>>>>>

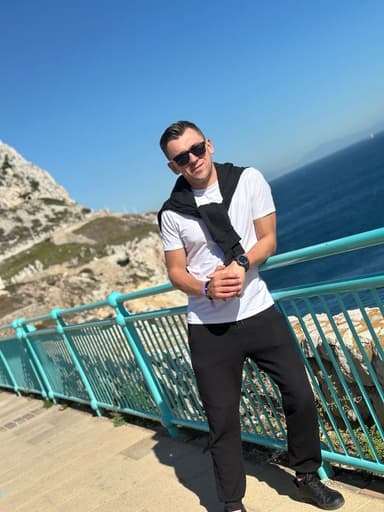 Profile Picture main user avatar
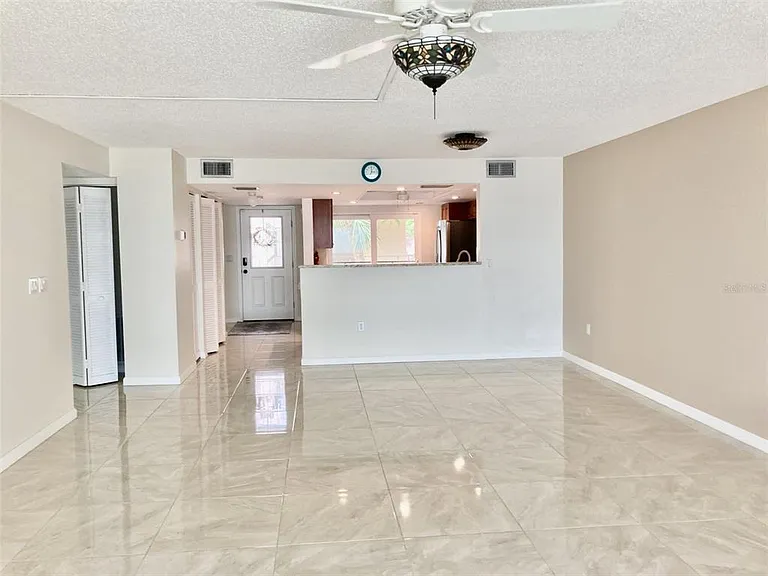 6430 Sun Eagle Ln #203 — Photo 7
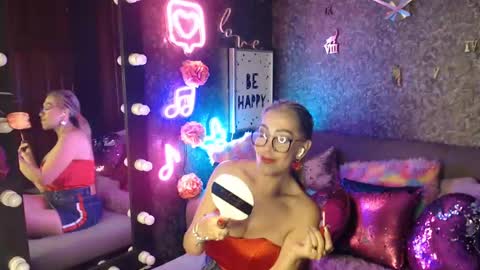 Snapshot of evelynagrey chatting on 12.12.24 EvelynaGrey online show from 12.12.24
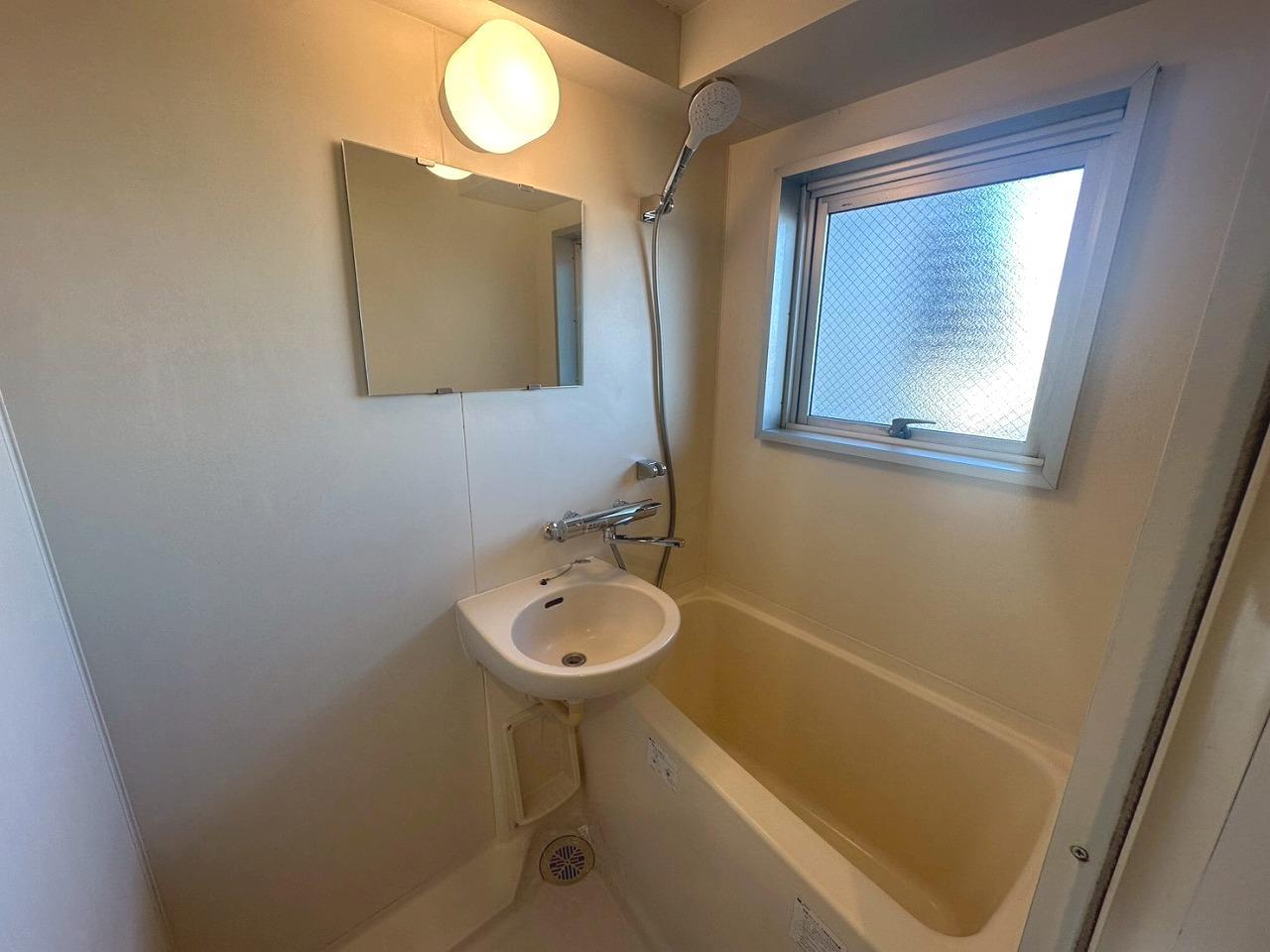 バス・シャワールーム　バス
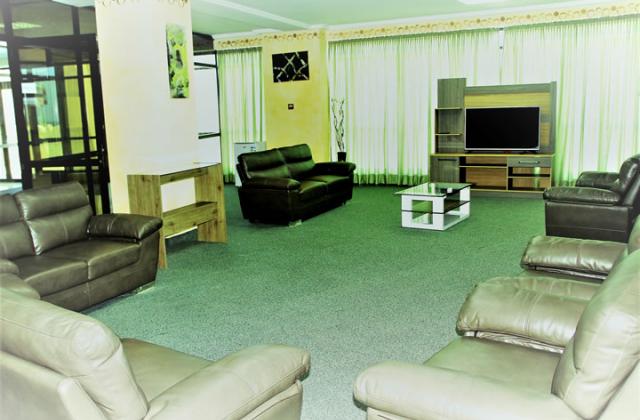 Faux, l’eau coule des robinets au niveau de la Maison de la presse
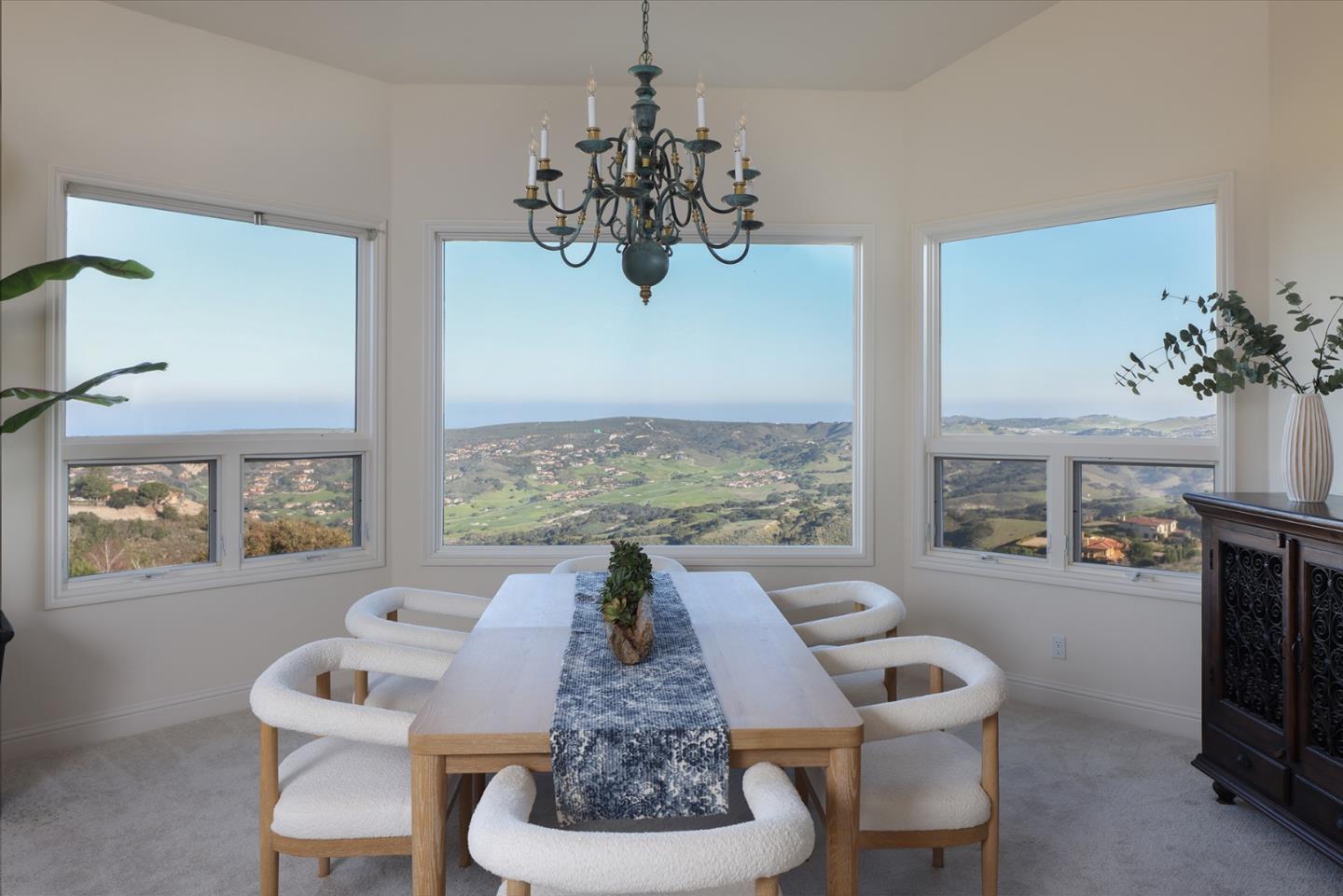 Detail Gallery Image 8 of 42 For 25691 Whip Rd, Monterey,  CA 93940 - 4 Beds | 4/1 Baths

<<<<<

**WORK ITEM**
Each record should be written out exactly, and each image should be omitted.

**ANSWER FOR THE TASK**
 Profile Picture main user avatar
 6430 Sun Eagle Ln #203 — Photo 7
 Snapshot of evelynagrey chatting on 12.12.24 EvelynaGrey online show from 12.12.24
 バス・シャワールーム　バス
 Faux, l’eau coule des robinets au niveau de la Maison de la presse
 Detail Gallery Image 8 of 42 For 25691 Whip Rd, Monterey,  CA 93940 - 4 Beds | 4/1 Baths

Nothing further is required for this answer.